Jetzt hat die UZ die jahrelange Zusammenarbeit mit ihm eingestellt. Seine Karikaturen seien jetzt den UZ-Lesern nicht mehr zumutbar, teilte ihm der neue Chefredakteur der UZ mit.

Zu oft schon in unserer Geschichte haben Parteivorstände und -apparate über Künstler und deren Kunst per Mehrheitsbeschluss geurteilt. Mit schlimmen Folgen.

Als KommunistInnen schreiben wir uns auf die Fahnen, alles Fortschrittliche zu bewahren und zu verteidigen. Dazu gehört auch die Freiheit der Kunst, die wir z.B. einfordern, wenn eine türkische Musikgruppe hier nicht auftreten darf oder ein kurdisches Kulturfestival torpediert wird. Auf die bürgerlich-demokratischen Rechte und ihre Verteidigung haben Kommunist*innen oft zu wenig Wert gelegt, gerade vor 1933, aber auch danach. Dem haben wir uns nach 1990 in langen und oft schmerzlichen Diskussionen gestellt. Und deshalb geht es jetzt darum , dass Lehren und Erkenntnisse aus unserer Geschichte von uns nicht ignoriert werden.

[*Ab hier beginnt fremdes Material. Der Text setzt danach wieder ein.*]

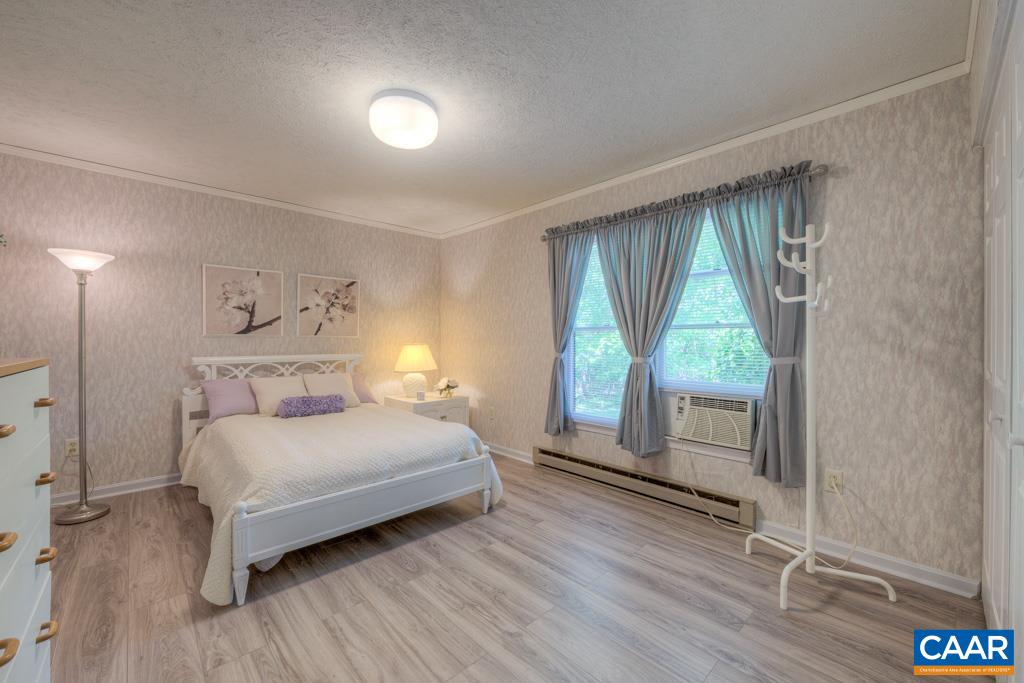 2475 Ridge Road Palmyra, VA 22963 - Photo 14 of 25 a bedroom with a bed and a large window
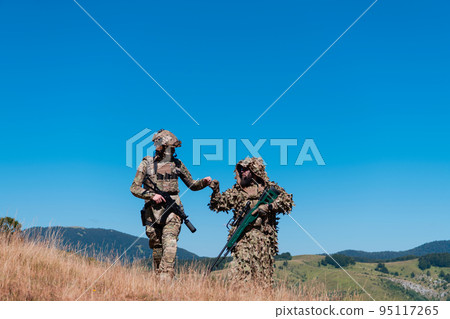 A sniper team squad of soldiers is going undercover. Sniper assistant and team leader walking and aiming in nature with yellow grass and blue sky. Tactical camouflage uniform. 95117265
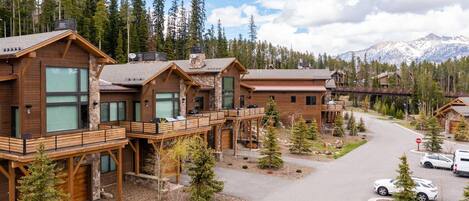 A row of log cabin-style buildings with balconies, surrounded by trees and a mountain backdrop.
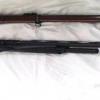 These firearms were among items recovered in the searches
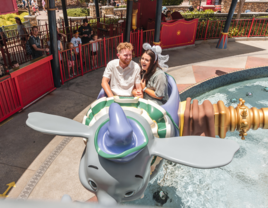 Couple riding on Dumbo at disney world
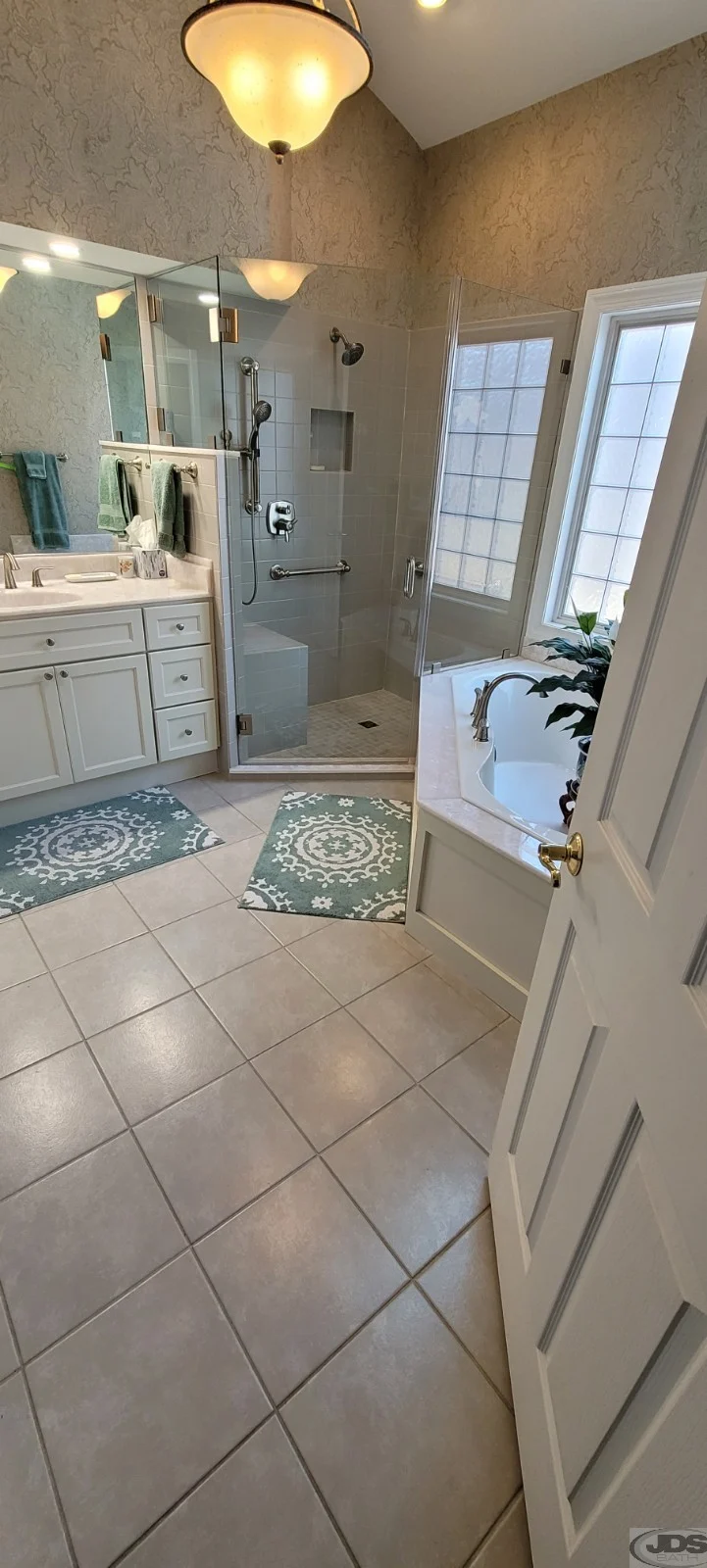 Brand new bathoom with new shower, floor, tub, and more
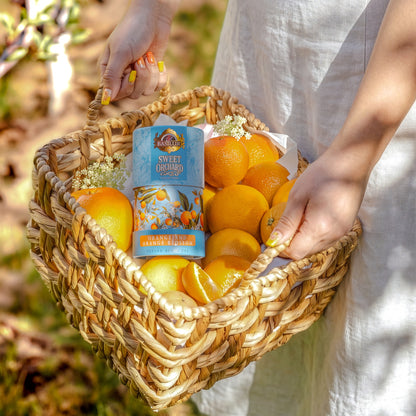 Tuba Basilur Orange and Orange Blossom w wiklinowym koszu pełnym pomarańczy, trzymanym przez osobę w jasnej sukience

Wir kennen Bernd nicht nur als politischen Karikaturisten, sondern auch als einen, der seit über 50 Jahren offen als Kommunist auftritt, in der politischen Linken weit über die Partei hinaus nicht nur mit seinen Zeichnungen das Gesicht der DKP ist.

Die Aufkündigung der Zusammenarbeit mit Bernd ist ein Armutszeugnis für die Diskussionskultur in der DKP und offensichtlich die Vorgabe für künftiges Verfahren mit Meinungsverschiedenheiten.

Es sind nicht Bernd´s Karis, die der Partei nicht mehr zuzumuten sind, sondern das administrative Vorgehen gegen kritische Fragen und Meinungsverschiedenheiten durch die UZ-Redaktion ist eine Zumutung für die LeserInnen der UZ.